В противоположность этому, в барочной и апокалипсической версии Crash83, техника это смертельная деконструкция тела – более не функциональный медиум, а протяженность смерти, – расчленение и дробление, не в пренебрежительной иллюзии потерянного единства сюжета (который представляет еще горизонт психоанализа), но во взрывоопасном видении тела, обреченного на «символические раны», тела, смешанного с технологией в его измерении насилия и жестокости, в дикой и беспрерывной хирургии, которую она осуществляет: разрезы, вырезания, насечки, зияния тела, чьи «сексуальные» раны и наслаждение лишь частный случай (и машинальное порабощение в работе, умиротворенная карикатура) – тело без органов, и без наслаждения органов, всецело подчиненное отметине, разрезанию, техническому шраму – под лучезарным знаком сексуальности, лишенной референта и границ.

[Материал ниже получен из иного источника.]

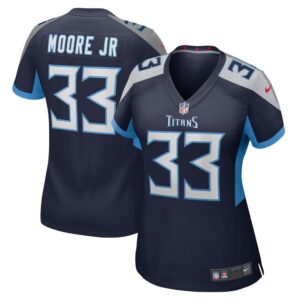 Women's Tennessee Titans A.J. Moore Jr. Nike Navy Player Game Jersey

Техника может быть схвачена только в аварии (автомобильной), то есть, в жестокости, причиненной ей самой и в жестокости, причиненной телу. Она одна и та же: весь шок, все столкновение, весь удар, вся металлургия аварии читается в семиургии тела – не в анатомии или физиологии. Но в семиургии ушибов, шрамов, изувечений, ран, которые есть не что иное, как многочисленные новые половые органы, открытые на теле. Так компиляции тела как рабочей силы порядка производства, противопоставляется дисперсия тела как анаграмма порядка изувечения. Конец «эрогенным зонам»: все становится дырой для того, чтобы предаться рефлексивной эякуляции. Но в особенности (как в пытке обряда инициации, которая не является нашей), все тело становится знаком, чтобы предаться обмену знаков тела. Тело и техника преломляются одно в другом посредством их растерявшихся знаков. Плотская и дизайнерская абстракция.
Никакого аффекта за всем этим, никакой психологии, ни импульса, ни желания, никакого либидо, ни стремления к смерти. Смерть естественно имплицирована в безграничное исследование возможной жестокости по отношению к телу, но никогда как в садизме или мазохизме, поспешное и перверсивное намерение жестокости, искривление смысла и секса (по отношению к чему?). Никакого вытесненного бессознательного (аффектов или репрезентаций), если только не во втором прочтении, которое снова включило бы туда еще больше вынужденного смысла, по психоаналитической модели. Бессмыслица, дикость этой мешанины тела и техники имманентна, она есть немедленная реверсия одной в другое, и результатом этого является беспрецедентная сексуальность – что-то вроде потенциального головокружения, связанного с чистым написанием нулевых знаков этого тела. Символический ритуал насечек и меток, как в граффити метро Нью-Йорка.